Was in Berlin zur Anklage kommt, ist kaum in Worte zu fassen: Ein Palliativarzt soll 15 wehrlose Patientinnen und Patienten heimlich getötet haben – nicht aus Mitleid oder auf deren Wunsch, sondern laut Anklage aus niedersten Beweggründen. Das Vertrauen, das schwerstkranke Menschen in ihn gesetzt haben, soll er mit tödlicher Kälte gebrochen haben.
Der Fall geht über individuelles Versagen hinaus – er trifft ein gesellschaftliches Nervenzentrum. Gerade in der Palliativversorgung, wo Nähe, Fürsorge und ethische Verantwortung zentral sind, wird Vertrauen zur Lebensgrundlage. Wird dieses missbraucht, ist nicht nur ein Mensch tot – es bricht ein ganzes System in sich zusammen.

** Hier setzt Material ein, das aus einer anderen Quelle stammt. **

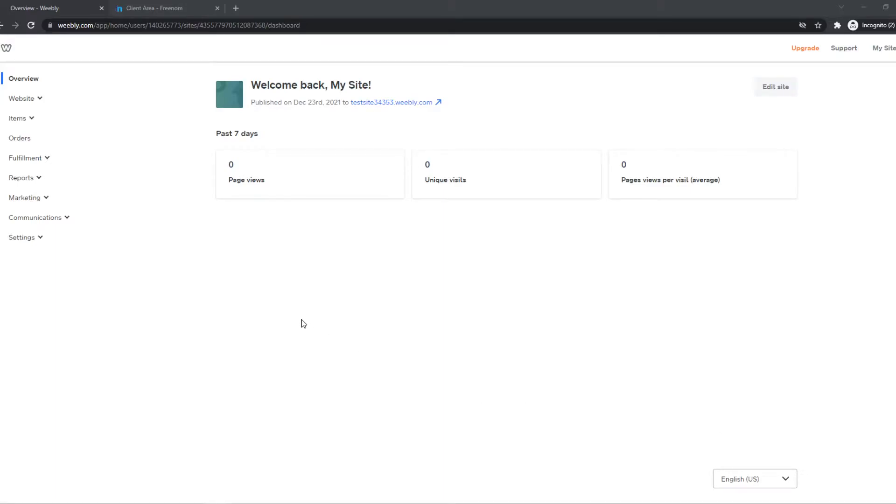In this video, I'm going to show you step by step how you can add an external domain to your Weebly website. So as you can see, here I am on my Weebly dashboard.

Noch ist nicht rechtskräftig über Schuld entschieden. Doch schon jetzt stellt sich die Frage: Wie konnte ein solcher Verdacht so lange unbemerkt bleiben? Dass der Haftbefehl mehrfach erweitert werden musste, weil immer neue Taten entdeckt wurden, offenbart erschreckende Kontrolllücken – im Pflegedienst, im Gesundheitssystem, vielleicht auch im Umgang mit Sterben und Tod.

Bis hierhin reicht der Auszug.